Jeff Reichle, whose company, Lund's Fisheries in Lower Township, has been involved in overseeing the monument, was contacted by Raffa's daughter-in-law, Louise Raffa, in November 2009. She was married to late Sea Isle City Mayor Dominic Raffa, a son of Italian immigrant Paolo Raffa, who was born in Reggio Calabria, in southern Italy, and left behind a widow and nine children when he died.

"My father-in-law, Paolo Raffa, was on board the commercial fishing boat Emma, out of Sea Isle City, when he fell overboard into the fishing nets and drowned on June 21, 1934. He was 51 years old," Louise Raffa wrote Reichle. "It would be a tribute to his memory that his name be added to the monument in Cape May. Our family would be eternally grateful for this honor. Please let me know when his name has been added to the memorial stone so that I may come and see it. Thank you."

Louise Raffa died May 24, 2010, while her request was still being processed. But other family members are happy to see Paolo Raffa's name listed on the monument.

"Geez, I'm thrilled to death. It's hard to believe," said Anthony Raffa, a grandson of Paolo's who lives in Sea Isle.

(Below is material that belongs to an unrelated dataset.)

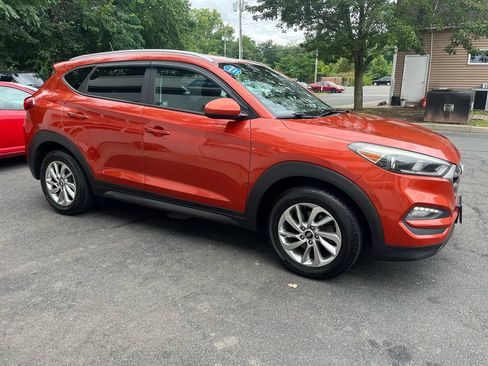 Used 2016 Hyundai Tucson SE w/ Option Group 02 AWD/4WD image 4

Anthony Raffa was born more than a decade after Paolo died. He heard Paolo had a heart attack before falling in the nets and drowning, but he wished he had listened more to the stories as a child.

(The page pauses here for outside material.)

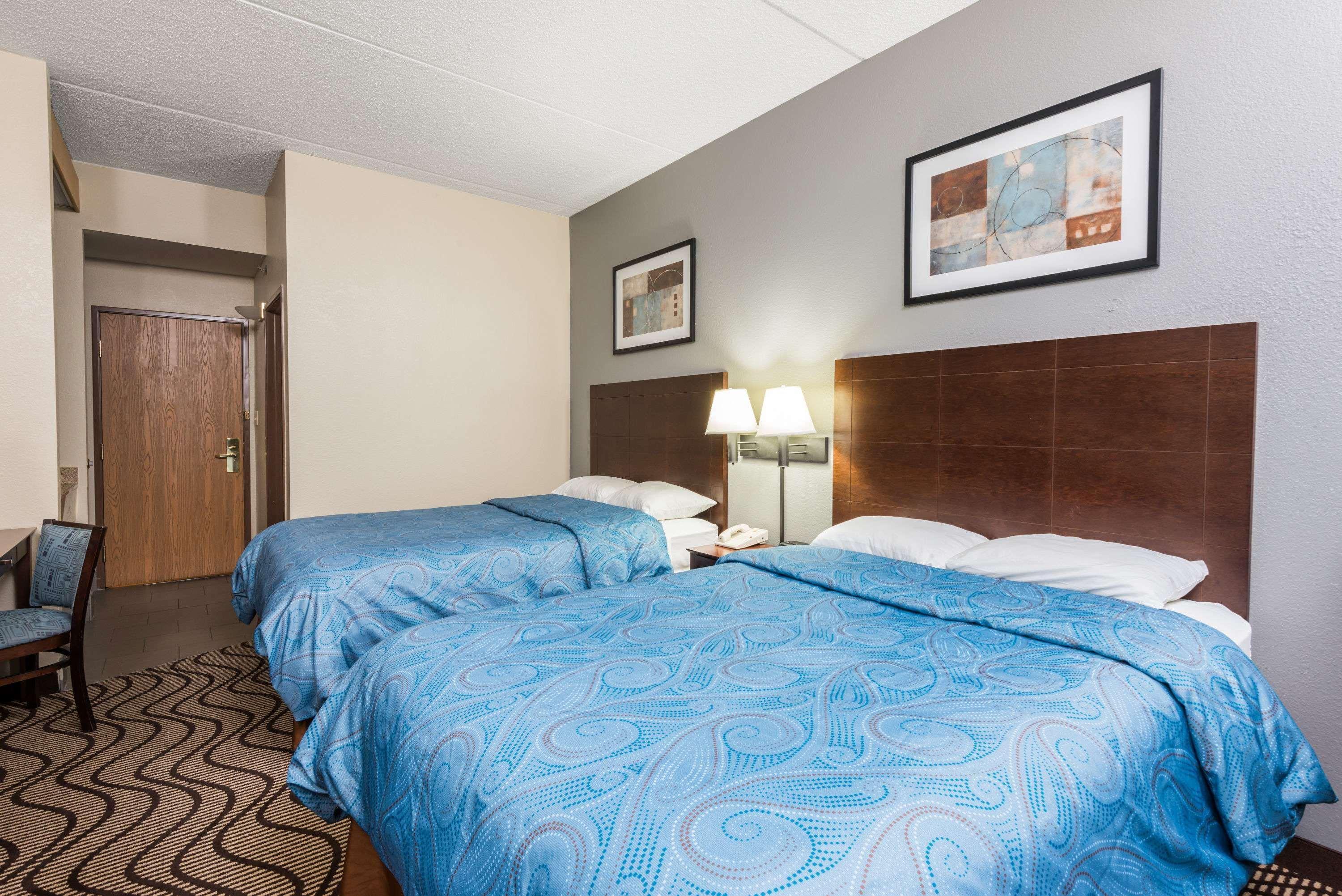 Hotel Super 8 By Wyndham Mars/Cranberry/Pittsburgh Area Cranberry Township Esterno foto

"Sometimes they'd talk Italian to you and you'd run away because all you understood was English," Anthony Raffa said.

The type of fishing Raffa and other Italian families did back then is called pound-net fishing. Poles would be set into the ocean floor just offshore, and nets would be used to funnel the fish. The men would go out in boats every day to empty the nets by hand.

Pound-net fishing often was done within sight of land, but it was not without its dangers. The worst fishing calamity in Cape May County's history happened in 1921 when 11 pound-net fishermen died. The men left Anglesea in North Wildwood at dawn to tend the pound nets and never came home. The next day, bodies began washing up. Their deaths have not been explained.

Anthony Raffa remembers watching the pound boats come in to the docks on 43rd Street, an area known as Fish Alley. The engines were on the back of the boats, and crewmen would plaster fresh squid on the exhaust manifolds and sear it as a quick snack as they steamed in, he said.

Paolo Raffa was captain of a boat owned by Union Fishing Co. He left at 4 a.m. the day of his death with a five-man crew to tend nets three miles off Avalon.

Raffa was hauling in the fishing nets by hand, when suddenly he "tottered, clutched his breast, and fell over the gunwhale," a June 22, 1934, report in the Cape May County Times states. Raffa's son Bruno frantically grabbed for his father as he went overboard and into the nets, but missed. The crew quickly hauled in the nets and retrieved Raffa, trying to revive him as they steamed toward Townsends Inlet.

At the dock, Samuel Van Sant put Raffa in a car and rushed him to the office of Dr. C. W. Way.

"The men worked over the body the entire way home, but their efforts were fruitless. Dr. Way pronounced him dead from drowning," the report states.

Bruno Raffa was grief-stricken over watching his father die, the newspaper reported. Bruno was one of six sons and three daughters born to Paolo and Fortunata Raffa.

After arriving from Italy, Paolo Raffa worked in Philadelphia at a sugar refinery and a hat factory. He moved to Sea Isle in 1915 and immediately got a job on a fishing boat. He was a trustee of the Sea Isle City Italian-American Club.

The newspaper account said Raffa had never been to a doctor in his life.

Anthony Raffa said most of Paolo's children left the area. Pound fishing ended decades ago when fish became scarce in near-shore waters.